April 30 (Bloomberg) -- Eircom Group plans to sell its first bonds since 1.8 billion euros ($2.35 billion) of debt was written off last year when senior lenders led by Blackstone Group LP took over the Irish phone company.
It wants to raise 310 million euros of senior secured notes due 2020, the Dublin-based company said in a statement today. The proceeds will be used to repurchase existing senior facilities, it said. Eircom’s entire 2.3 billion euros of debt, consisting of a term loan from its lenders, falls due in 2017, according to data compiled by Bloomberg.
“The notes won’t be priced until after an investor roadshow, which is expected to last a week, is complete,” Eircom spokesman Paul Bradley said in an interview.
The bond sale comes after Standard & Poor’s cut its outlook on Eircom this week to negative, saying it faces challenges generating cash in the next two years as it invests in its network.

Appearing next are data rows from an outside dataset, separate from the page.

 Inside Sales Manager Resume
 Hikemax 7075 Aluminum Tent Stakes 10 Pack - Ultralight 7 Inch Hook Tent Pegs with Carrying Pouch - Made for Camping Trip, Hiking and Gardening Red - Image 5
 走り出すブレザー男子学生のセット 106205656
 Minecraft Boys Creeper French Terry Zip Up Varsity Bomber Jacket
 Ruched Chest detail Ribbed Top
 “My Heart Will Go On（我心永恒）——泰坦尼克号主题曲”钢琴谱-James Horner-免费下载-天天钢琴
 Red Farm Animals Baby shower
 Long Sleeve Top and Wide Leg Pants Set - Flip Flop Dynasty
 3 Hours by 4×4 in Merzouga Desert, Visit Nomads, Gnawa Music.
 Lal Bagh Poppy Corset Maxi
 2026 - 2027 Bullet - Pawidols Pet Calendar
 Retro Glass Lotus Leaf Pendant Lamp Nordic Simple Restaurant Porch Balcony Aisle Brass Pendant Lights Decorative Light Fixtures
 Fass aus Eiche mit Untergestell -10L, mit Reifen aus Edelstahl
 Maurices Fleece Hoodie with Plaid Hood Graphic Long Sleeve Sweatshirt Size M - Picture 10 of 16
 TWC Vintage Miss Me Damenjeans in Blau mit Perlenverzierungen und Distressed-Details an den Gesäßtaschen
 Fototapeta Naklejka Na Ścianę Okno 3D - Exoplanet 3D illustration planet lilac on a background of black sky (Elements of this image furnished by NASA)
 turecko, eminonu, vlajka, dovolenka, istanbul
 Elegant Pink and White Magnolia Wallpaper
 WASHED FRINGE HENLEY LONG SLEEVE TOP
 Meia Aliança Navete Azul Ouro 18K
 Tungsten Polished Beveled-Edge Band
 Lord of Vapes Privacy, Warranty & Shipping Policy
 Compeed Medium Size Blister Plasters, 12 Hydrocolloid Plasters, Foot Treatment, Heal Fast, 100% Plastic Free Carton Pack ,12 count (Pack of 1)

It affirmed its B rating on the former state-owned telecommunications company, five levels below investment grade.
Eircom had racked up 4.1 billion euros of gross debt through five ownership changes in 13 years before it filed the country’s biggest creditor protection petition in March 2012. Its most senior, or first-lien, lenders wrote off 15 percent of their 2.4 billion-euro net loans and took control of the company as more junior creditors lost almost all their investment.
The new notes are being sold by the company’s Eircom Finance Ltd.